BEGIN Material supplied

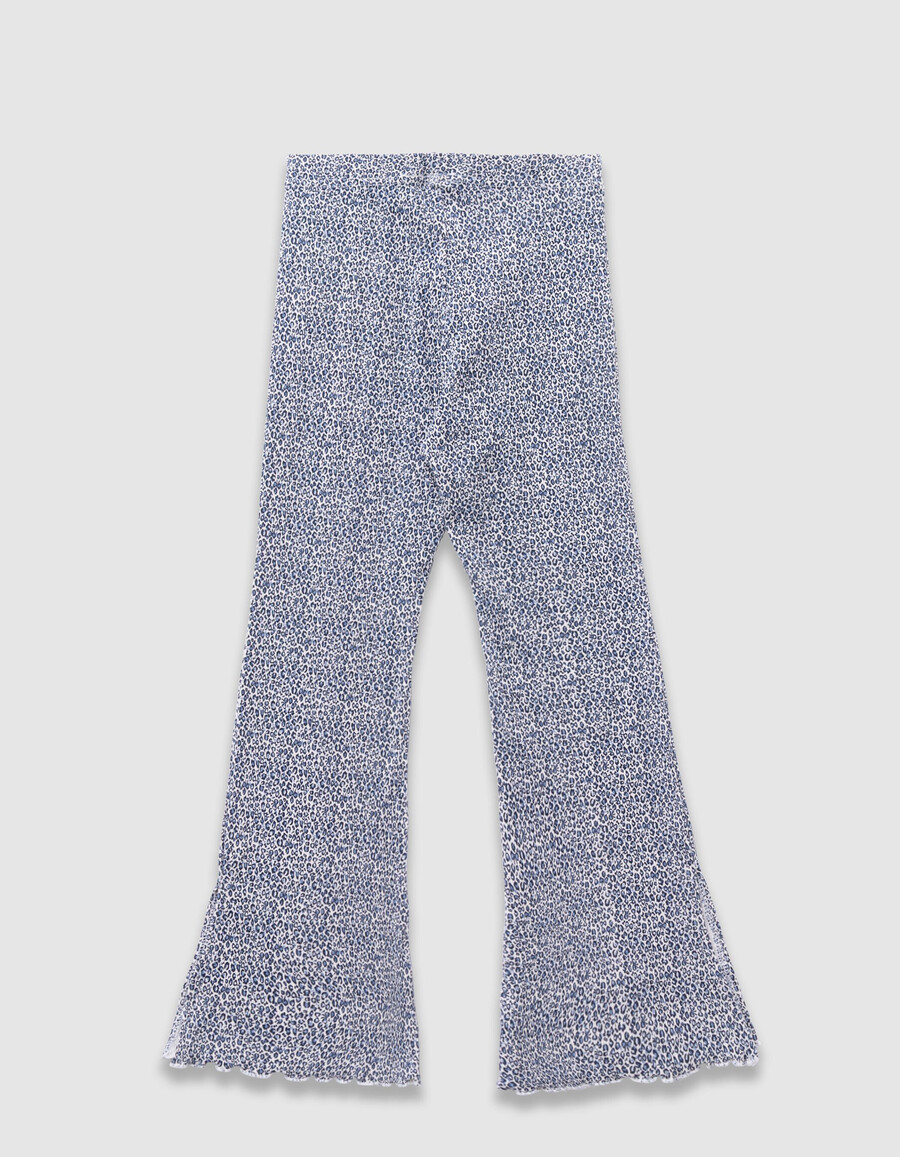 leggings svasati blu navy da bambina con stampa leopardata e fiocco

END Material supplied
BEGIN Material supplied

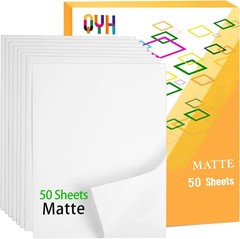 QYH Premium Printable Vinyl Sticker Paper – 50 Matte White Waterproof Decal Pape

END Material supplied
BEGIN Material supplied

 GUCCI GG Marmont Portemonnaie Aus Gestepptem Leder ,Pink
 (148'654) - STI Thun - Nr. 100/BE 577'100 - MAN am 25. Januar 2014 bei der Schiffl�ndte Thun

END Material supplied

> _Assignment_:
The lines above starting at the one that contains "GUCCI GG Marmont" and ending at the one that contains "(148'654) - STI" must be transcribed exactly, and no other lines may appear.

> _Response to the task_:
 GUCCI GG Marmont Portemonnaie Aus Gestepptem Leder ,Pink
 (148'654) - STI Thun - Nr. 100/BE 577'100 - MAN am 25. Januar 2014 bei der Schiffl�ndte Thun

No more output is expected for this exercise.